> Work request:
Send back all the data below, exactly as given.

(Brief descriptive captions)
══════════════════════════════
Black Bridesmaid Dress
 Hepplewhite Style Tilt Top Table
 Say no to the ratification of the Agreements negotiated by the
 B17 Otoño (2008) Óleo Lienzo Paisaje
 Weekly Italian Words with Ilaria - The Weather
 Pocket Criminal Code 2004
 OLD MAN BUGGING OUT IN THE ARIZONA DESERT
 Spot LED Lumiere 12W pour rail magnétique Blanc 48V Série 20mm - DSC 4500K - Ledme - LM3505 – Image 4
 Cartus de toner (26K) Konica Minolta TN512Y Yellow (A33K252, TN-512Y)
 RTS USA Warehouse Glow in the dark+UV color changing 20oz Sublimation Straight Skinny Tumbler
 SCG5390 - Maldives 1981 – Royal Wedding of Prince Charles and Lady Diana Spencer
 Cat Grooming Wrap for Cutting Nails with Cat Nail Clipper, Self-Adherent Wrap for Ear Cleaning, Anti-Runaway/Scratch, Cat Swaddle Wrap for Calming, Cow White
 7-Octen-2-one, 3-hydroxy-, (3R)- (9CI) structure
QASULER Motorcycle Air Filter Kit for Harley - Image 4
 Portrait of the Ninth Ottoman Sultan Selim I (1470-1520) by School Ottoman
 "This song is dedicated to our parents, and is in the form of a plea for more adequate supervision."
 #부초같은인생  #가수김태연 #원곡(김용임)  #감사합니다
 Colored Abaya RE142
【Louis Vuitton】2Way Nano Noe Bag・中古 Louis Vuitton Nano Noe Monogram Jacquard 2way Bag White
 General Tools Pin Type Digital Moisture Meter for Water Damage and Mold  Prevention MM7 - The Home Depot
══════════════════════════════
> Answer to the problem:
Black Bridesmaid Dress
 Hepplewhite Style Tilt Top Table
 Say no to the ratification of the Agreements negotiated by the
 B17 Otoño (2008) Óleo Lienzo Paisaje
 Weekly Italian Words with Ilaria - The Weather
 Pocket Criminal Code 2004
 OLD MAN BUGGING OUT IN THE ARIZONA DESERT
 Spot LED Lumiere 12W pour rail magnétique Blanc 48V Série 20mm - DSC 4500K - Ledme - LM3505 – Image 4
 Cartus de toner (26K) Konica Minolta TN512Y Yellow (A33K252, TN-512Y)
 RTS USA Warehouse Glow in the dark+UV color changing 20oz Sublimation Straight Skinny Tumbler
 SCG5390 - Maldives 1981 – Royal Wedding of Prince Charles and Lady Diana Spencer
 Cat Grooming Wrap for Cutting Nails with Cat Nail Clipper, Self-Adherent Wrap for Ear Cleaning, Anti-Runaway/Scratch, Cat Swaddle Wrap for Calming, Cow White
 7-Octen-2-one, 3-hydroxy-, (3R)- (9CI) structure
QASULER Motorcycle Air Filter Kit for Harley - Image 4
 Portrait of the Ninth Ottoman Sultan Selim I (1470-1520) by School Ottoman
 "This song is dedicated to our parents, and is in the form of a plea for more adequate supervision."
 #부초같은인생  #가수김태연 #원곡(김용임)  #감사합니다
 Colored Abaya RE142
【Louis Vuitton】2Way Nano Noe Bag・中古 Louis Vuitton Nano Noe Monogram Jacquard 2way Bag White
 General Tools Pin Type Digital Moisture Meter for Water Damage and Mold  Prevention MM7 - The Home Depot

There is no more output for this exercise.